Tabloid Wanita Indonesia | Rubrik: Bincang | Desember, 2014 | by Dewi Syafrianis

 
Halo Dee, apa kabar? Lagi sibuk apa? 

Kabar baik. Saya sedang terlibat beberapa penjurian lomba menulis dan merampungkan jadwal promosi Gelombang untuk akhir 2014 ini. 

Oh ya, Dee kan sudah nonton filmnya ya (waktu preskon, Sabtu 6 Des 2014). Puas nggak dengan hasilnya? Sudah sesuai dengan ekspektasikah? 

Menurut saya, filmnya cukup membanggakan, digarap dengan sangat serius dan produksinya luar biasa. Angin segar bagi perfilman Indonesia karena cerita dan penggarapannya yang tidak biasa. Tentunya, bukan tanpa catatan. Apalagi bagi saya yang nulis, ya. Tapi secara keseluruhan menurut saya filmnya amat layak ditonton. 

Boleh cerita lagi dong tentang ide awal menulis Supernova ini. Kan, katanya bisa dibilang ini tentang spiritual Dee yang diangkat dalam bentuk fiksi ya. Seperti apa tuh... 

Supernova saya tulis tahun 2000. Kira-kira setahun sebelumnya saya mengalami peristiwa yang mungkin bisa disebut “epifani” atau pencerahan kecil, yang mengubah pandangan saya tentang hidup.

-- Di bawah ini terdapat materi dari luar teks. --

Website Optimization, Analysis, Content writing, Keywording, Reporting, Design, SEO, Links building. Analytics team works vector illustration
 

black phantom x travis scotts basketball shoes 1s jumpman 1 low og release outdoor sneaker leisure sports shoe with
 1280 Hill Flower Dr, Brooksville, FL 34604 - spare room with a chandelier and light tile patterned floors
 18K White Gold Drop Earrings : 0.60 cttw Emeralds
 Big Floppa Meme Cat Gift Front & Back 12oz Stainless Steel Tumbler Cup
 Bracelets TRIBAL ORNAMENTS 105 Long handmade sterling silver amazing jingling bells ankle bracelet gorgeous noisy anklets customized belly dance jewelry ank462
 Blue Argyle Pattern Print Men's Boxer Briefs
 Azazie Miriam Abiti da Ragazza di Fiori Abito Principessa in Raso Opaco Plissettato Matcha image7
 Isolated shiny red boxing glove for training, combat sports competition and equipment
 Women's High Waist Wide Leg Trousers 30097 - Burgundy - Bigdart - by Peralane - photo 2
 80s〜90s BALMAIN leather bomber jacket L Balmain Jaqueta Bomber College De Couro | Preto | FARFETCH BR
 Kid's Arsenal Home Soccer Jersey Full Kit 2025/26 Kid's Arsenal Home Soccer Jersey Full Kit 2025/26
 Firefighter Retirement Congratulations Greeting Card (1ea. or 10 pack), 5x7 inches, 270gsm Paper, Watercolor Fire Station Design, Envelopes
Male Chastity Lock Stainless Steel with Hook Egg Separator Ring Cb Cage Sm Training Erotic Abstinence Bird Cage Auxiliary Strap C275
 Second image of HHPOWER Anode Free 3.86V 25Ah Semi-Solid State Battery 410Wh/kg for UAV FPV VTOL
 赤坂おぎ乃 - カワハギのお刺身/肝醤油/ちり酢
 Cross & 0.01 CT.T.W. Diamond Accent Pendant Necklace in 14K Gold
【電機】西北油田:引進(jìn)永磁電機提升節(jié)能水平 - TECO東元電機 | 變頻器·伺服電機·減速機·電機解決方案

Dan sejak itu saya tertarik menyelami spiritualitas dan bagaimana hubungannya dengan dunia sains. Saya menulis Supernova karena ingin berbagi apa yang saya pikirkan. Karena saya bisanya ya nulis fiksi. 

Kesibukan Dee selain nulis novel apa lagi nih? Masih menekuni dunia menyanyi nggak sih?  Maksudnya di luar mencipta lagu ya. Apakah masih terima tawaran off air? 

Sedang enggak. Lagi fokus menulis saja. 

Seperti apa sih keasyikan menulis untuk Dee? 

Bagi saya, menulis adalah saluran berekspresi, jadi bukan sekadar asyik tapi juga kebutuhan. 

Sudah ada belum sih buku yang Dee buat bersama suami (Reza Gunawan)? Belakangan kan ada juga tuh penulis berkolaborasi dalam membuat novel. 

Belum. 

Olahraga kesukaan Dee apa sih? Apa manfaat yang didapat?

Saya cenderung suka olahraga yang cardio, seperti Body Combat, Taebo. Belakangan lagi coba interval training juga, kombinasi lari dan jalan. 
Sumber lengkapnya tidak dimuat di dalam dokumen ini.